→ Short web captions
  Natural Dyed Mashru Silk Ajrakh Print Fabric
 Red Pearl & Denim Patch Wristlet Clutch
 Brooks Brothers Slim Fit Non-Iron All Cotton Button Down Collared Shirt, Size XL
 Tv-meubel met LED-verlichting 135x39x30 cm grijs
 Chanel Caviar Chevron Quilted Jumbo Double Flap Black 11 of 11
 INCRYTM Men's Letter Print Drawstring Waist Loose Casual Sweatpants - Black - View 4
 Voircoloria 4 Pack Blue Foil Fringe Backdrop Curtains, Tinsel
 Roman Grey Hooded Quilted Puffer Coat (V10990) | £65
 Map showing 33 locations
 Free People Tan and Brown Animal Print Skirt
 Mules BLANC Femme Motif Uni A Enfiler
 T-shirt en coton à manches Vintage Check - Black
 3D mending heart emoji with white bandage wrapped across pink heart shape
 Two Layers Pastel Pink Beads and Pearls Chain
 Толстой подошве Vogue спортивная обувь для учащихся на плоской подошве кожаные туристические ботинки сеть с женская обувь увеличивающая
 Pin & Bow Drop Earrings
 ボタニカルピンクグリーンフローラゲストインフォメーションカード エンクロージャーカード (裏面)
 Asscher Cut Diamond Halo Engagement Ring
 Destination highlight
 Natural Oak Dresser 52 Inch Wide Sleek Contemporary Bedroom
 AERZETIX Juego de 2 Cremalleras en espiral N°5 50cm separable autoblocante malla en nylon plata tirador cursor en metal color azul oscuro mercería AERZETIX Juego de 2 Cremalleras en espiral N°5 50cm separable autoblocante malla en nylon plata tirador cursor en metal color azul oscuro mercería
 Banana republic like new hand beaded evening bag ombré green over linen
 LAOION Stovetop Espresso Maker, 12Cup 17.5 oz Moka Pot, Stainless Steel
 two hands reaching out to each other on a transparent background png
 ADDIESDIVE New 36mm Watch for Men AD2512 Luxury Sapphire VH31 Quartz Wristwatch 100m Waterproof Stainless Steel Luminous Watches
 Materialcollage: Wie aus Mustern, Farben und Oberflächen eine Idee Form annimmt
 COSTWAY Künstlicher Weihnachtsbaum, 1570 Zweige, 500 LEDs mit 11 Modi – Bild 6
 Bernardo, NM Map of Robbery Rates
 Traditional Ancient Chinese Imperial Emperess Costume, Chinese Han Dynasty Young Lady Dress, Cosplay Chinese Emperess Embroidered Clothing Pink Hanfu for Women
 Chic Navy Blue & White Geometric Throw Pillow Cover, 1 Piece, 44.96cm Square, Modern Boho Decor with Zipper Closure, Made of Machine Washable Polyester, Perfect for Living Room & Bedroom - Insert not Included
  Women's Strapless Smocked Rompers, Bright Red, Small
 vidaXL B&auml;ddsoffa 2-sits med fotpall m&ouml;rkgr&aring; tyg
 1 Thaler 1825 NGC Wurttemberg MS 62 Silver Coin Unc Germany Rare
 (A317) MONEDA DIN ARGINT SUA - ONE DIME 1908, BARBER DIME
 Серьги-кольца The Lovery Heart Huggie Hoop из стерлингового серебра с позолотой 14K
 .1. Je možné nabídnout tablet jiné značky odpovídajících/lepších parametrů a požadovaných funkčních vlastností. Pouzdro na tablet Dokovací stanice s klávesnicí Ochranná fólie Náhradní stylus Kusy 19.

→ ACTIVITY
Print every line you see above, exactly as written.

→ EXERCISE OUTPUT
  Natural Dyed Mashru Silk Ajrakh Print Fabric
 Red Pearl & Denim Patch Wristlet Clutch
 Brooks Brothers Slim Fit Non-Iron All Cotton Button Down Collared Shirt, Size XL
 Tv-meubel met LED-verlichting 135x39x30 cm grijs
 Chanel Caviar Chevron Quilted Jumbo Double Flap Black 11 of 11
 INCRYTM Men's Letter Print Drawstring Waist Loose Casual Sweatpants - Black - View 4
 Voircoloria 4 Pack Blue Foil Fringe Backdrop Curtains, Tinsel
 Roman Grey Hooded Quilted Puffer Coat (V10990) | £65
 Map showing 33 locations
 Free People Tan and Brown Animal Print Skirt
 Mules BLANC Femme Motif Uni A Enfiler
 T-shirt en coton à manches Vintage Check - Black
 3D mending heart emoji with white bandage wrapped across pink heart shape
 Two Layers Pastel Pink Beads and Pearls Chain
 Толстой подошве Vogue спортивная обувь для учащихся на плоской подошве кожаные туристические ботинки сеть с женская обувь увеличивающая
 Pin & Bow Drop Earrings
 ボタニカルピンクグリーンフローラゲストインフォメーションカード エンクロージャーカード (裏面)
 Asscher Cut Diamond Halo Engagement Ring
 Destination highlight
 Natural Oak Dresser 52 Inch Wide Sleek Contemporary Bedroom
 AERZETIX Juego de 2 Cremalleras en espiral N°5 50cm separable autoblocante malla en nylon plata tirador cursor en metal color azul oscuro mercería AERZETIX Juego de 2 Cremalleras en espiral N°5 50cm separable autoblocante malla en nylon plata tirador cursor en metal color azul oscuro mercería
 Banana republic like new hand beaded evening bag ombré green over linen
 LAOION Stovetop Espresso Maker, 12Cup 17.5 oz Moka Pot, Stainless Steel
 two hands reaching out to each other on a transparent background png
 ADDIESDIVE New 36mm Watch for Men AD2512 Luxury Sapphire VH31 Quartz Wristwatch 100m Waterproof Stainless Steel Luminous Watches
 Materialcollage: Wie aus Mustern, Farben und Oberflächen eine Idee Form annimmt
 COSTWAY Künstlicher Weihnachtsbaum, 1570 Zweige, 500 LEDs mit 11 Modi – Bild 6
 Bernardo, NM Map of Robbery Rates
 Traditional Ancient Chinese Imperial Emperess Costume, Chinese Han Dynasty Young Lady Dress, Cosplay Chinese Emperess Embroidered Clothing Pink Hanfu for Women
 Chic Navy Blue & White Geometric Throw Pillow Cover, 1 Piece, 44.96cm Square, Modern Boho Decor with Zipper Closure, Made of Machine Washable Polyester, Perfect for Living Room & Bedroom - Insert not Included
  Women's Strapless Smocked Rompers, Bright Red, Small
 vidaXL B&auml;ddsoffa 2-sits med fotpall m&ouml;rkgr&aring; tyg
 1 Thaler 1825 NGC Wurttemberg MS 62 Silver Coin Unc Germany Rare
 (A317) MONEDA DIN ARGINT SUA - ONE DIME 1908, BARBER DIME
 Серьги-кольца The Lovery Heart Huggie Hoop из стерлингового серебра с позолотой 14K
 .1. Je možné nabídnout tablet jiné značky odpovídajících/lepších parametrů a požadovaných funkčních vlastností. Pouzdro na tablet Dokovací stanice s klávesnicí Ochranná fólie Náhradní stylus Kusy 19.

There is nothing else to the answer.